+++ DATA EXCERPTS

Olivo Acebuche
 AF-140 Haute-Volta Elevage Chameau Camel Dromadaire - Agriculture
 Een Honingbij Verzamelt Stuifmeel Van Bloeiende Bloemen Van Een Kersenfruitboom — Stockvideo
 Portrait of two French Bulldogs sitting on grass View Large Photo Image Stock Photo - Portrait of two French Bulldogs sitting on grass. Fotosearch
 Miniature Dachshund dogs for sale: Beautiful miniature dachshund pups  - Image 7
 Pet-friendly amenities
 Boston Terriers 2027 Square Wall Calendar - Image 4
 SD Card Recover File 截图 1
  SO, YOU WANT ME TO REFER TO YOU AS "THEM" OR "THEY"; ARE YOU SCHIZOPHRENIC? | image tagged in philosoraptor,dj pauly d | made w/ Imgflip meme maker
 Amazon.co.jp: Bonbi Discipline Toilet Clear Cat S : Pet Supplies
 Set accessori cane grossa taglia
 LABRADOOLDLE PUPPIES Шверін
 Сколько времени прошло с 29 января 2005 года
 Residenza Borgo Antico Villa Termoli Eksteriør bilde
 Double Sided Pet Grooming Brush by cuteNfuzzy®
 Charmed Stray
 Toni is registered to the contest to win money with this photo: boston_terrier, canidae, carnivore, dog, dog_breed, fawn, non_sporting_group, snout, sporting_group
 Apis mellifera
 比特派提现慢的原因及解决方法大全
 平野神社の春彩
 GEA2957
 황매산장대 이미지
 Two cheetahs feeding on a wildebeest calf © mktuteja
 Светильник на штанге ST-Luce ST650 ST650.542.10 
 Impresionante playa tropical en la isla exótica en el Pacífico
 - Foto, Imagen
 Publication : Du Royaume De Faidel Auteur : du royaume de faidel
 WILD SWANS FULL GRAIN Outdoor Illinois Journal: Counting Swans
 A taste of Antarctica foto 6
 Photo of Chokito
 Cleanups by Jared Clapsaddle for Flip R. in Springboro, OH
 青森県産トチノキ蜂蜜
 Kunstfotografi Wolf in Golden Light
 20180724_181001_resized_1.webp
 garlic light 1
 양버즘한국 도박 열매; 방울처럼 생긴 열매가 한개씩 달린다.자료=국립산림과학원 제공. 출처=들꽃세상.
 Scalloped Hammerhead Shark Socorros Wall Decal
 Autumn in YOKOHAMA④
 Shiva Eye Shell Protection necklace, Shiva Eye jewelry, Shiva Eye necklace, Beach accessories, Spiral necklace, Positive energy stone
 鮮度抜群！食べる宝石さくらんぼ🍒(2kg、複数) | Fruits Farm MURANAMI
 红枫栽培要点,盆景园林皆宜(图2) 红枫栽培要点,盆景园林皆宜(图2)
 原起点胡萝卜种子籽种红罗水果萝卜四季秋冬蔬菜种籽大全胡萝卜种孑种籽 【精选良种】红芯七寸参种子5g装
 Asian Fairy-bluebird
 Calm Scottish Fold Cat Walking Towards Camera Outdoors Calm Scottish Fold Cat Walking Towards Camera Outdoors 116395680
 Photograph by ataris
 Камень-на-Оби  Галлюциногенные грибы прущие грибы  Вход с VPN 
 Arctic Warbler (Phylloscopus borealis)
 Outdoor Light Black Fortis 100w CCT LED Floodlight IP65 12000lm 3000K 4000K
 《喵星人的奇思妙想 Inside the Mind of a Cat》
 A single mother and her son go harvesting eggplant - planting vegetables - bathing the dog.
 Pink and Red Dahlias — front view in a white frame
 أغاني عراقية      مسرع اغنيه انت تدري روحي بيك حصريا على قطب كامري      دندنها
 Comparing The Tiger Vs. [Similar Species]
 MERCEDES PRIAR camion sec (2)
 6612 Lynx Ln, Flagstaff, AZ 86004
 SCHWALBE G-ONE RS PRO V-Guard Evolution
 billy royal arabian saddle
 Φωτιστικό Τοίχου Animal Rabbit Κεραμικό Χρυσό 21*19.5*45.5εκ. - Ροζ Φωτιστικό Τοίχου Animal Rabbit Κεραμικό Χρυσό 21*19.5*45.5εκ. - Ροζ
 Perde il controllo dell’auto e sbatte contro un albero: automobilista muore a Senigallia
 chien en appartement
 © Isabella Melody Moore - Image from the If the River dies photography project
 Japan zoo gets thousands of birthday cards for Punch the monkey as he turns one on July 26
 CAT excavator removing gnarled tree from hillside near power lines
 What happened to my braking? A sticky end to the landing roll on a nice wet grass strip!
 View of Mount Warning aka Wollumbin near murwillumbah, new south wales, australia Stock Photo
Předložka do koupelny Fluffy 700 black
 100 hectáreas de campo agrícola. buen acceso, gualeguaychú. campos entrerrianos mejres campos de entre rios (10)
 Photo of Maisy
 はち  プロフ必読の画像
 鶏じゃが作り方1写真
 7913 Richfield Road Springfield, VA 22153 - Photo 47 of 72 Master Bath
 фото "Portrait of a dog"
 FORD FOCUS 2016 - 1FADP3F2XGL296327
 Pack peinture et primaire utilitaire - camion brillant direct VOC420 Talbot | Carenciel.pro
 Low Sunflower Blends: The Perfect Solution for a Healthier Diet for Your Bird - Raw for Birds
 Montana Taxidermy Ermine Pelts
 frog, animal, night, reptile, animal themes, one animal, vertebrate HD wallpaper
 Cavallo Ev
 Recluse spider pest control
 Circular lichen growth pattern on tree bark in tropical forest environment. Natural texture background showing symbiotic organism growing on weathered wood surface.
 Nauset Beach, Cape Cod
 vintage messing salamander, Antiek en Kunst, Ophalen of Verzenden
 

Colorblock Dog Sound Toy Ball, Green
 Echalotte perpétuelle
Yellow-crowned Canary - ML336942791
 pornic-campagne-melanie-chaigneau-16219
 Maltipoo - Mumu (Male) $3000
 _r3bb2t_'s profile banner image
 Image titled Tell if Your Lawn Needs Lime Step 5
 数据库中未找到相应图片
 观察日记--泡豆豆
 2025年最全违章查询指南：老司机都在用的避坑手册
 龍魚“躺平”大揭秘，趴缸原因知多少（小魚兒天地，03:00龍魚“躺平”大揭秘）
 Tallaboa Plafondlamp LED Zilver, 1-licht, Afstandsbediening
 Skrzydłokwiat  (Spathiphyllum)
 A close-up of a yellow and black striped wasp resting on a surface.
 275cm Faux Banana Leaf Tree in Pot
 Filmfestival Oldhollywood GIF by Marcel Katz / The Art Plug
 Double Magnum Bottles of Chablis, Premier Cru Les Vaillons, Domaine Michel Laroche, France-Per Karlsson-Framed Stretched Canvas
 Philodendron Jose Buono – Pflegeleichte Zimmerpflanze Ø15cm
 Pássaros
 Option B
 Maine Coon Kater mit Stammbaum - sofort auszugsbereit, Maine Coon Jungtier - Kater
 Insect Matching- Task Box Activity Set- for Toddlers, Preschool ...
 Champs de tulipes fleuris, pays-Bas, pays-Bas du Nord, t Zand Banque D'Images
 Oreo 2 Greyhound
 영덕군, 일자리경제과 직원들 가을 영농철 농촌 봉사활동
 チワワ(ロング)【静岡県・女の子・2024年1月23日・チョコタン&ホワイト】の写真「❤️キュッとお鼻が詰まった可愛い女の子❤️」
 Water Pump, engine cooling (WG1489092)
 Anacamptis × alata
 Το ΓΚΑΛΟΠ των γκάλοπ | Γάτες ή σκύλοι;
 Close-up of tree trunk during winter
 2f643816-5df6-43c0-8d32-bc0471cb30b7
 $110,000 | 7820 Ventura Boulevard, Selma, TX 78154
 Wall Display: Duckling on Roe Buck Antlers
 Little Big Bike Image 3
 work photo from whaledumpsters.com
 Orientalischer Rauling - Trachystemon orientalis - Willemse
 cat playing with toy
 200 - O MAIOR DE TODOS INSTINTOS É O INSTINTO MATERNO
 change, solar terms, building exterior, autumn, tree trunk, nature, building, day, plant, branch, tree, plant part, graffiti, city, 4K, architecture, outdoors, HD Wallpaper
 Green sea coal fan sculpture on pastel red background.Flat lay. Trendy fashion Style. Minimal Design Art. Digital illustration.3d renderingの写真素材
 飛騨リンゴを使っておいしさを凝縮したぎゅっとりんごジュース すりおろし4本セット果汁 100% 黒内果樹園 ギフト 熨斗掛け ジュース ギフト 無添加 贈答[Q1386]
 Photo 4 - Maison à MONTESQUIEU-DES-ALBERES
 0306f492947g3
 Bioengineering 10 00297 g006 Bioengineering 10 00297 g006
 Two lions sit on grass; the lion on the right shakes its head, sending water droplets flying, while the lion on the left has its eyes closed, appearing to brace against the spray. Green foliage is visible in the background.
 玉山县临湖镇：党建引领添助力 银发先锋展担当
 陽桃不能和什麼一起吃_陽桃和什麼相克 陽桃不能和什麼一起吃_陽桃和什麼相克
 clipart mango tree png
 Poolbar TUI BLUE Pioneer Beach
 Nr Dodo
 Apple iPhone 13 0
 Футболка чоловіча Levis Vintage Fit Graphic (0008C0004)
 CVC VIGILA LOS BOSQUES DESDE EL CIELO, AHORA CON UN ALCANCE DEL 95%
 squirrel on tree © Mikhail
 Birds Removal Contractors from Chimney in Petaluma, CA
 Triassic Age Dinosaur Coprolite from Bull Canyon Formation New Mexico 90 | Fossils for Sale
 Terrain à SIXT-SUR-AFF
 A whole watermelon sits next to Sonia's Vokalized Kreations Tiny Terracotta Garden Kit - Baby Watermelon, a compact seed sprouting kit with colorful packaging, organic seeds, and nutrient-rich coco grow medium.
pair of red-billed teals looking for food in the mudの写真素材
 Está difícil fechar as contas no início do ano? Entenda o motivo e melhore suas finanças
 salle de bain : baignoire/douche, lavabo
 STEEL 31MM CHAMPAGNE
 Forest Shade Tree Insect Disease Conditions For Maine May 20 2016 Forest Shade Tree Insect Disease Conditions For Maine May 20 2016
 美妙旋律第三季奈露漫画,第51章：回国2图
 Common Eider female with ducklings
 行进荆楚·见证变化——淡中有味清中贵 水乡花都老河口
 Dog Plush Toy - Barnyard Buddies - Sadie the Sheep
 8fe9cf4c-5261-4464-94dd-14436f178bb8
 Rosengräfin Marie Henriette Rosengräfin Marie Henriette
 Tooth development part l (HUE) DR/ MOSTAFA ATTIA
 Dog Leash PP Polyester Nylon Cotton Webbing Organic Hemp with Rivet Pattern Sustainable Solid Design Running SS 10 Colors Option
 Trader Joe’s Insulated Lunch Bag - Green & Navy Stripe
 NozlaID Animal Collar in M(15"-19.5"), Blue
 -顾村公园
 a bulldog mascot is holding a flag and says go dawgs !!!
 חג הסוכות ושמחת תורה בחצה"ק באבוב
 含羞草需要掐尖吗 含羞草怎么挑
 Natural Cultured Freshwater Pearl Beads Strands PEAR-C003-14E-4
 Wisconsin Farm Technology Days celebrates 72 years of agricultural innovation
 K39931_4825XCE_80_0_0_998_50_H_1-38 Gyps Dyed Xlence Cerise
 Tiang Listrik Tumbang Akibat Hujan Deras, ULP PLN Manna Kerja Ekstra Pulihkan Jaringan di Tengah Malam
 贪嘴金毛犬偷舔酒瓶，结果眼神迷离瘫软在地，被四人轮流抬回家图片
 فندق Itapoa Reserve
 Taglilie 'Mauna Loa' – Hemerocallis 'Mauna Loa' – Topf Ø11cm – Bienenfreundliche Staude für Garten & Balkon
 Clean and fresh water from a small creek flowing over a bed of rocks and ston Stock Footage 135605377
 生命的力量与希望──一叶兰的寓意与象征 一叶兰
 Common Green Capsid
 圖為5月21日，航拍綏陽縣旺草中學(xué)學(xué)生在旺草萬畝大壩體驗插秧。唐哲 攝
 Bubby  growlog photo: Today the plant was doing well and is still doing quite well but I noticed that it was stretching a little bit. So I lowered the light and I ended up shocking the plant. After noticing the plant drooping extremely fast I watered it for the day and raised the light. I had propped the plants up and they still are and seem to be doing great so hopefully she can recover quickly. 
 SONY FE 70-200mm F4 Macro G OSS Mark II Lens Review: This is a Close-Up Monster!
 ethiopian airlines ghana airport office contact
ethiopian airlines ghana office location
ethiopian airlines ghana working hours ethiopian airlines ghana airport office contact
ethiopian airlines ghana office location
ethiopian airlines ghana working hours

++++++

TRY IT: Retype, exactly and in full, the lines above from the one containing "A taste of Antarctica foto 6" through the one containing "Shiva Eye Shell".

REPLY:
 A taste of Antarctica foto 6
 Photo of Chokito
 Cleanups by Jared Clapsaddle for Flip R. in Springboro, OH
 青森県産トチノキ蜂蜜
 Kunstfotografi Wolf in Golden Light
 20180724_181001_resized_1.webp
 garlic light 1
 양버즘한국 도박 열매; 방울처럼 생긴 열매가 한개씩 달린다.자료=국립산림과학원 제공. 출처=들꽃세상.
 Scalloped Hammerhead Shark Socorros Wall Decal
 Autumn in YOKOHAMA④
 Shiva Eye Shell Protection necklace, Shiva Eye jewelry, Shiva Eye necklace, Beach accessories, Spiral necklace, Positive energy stone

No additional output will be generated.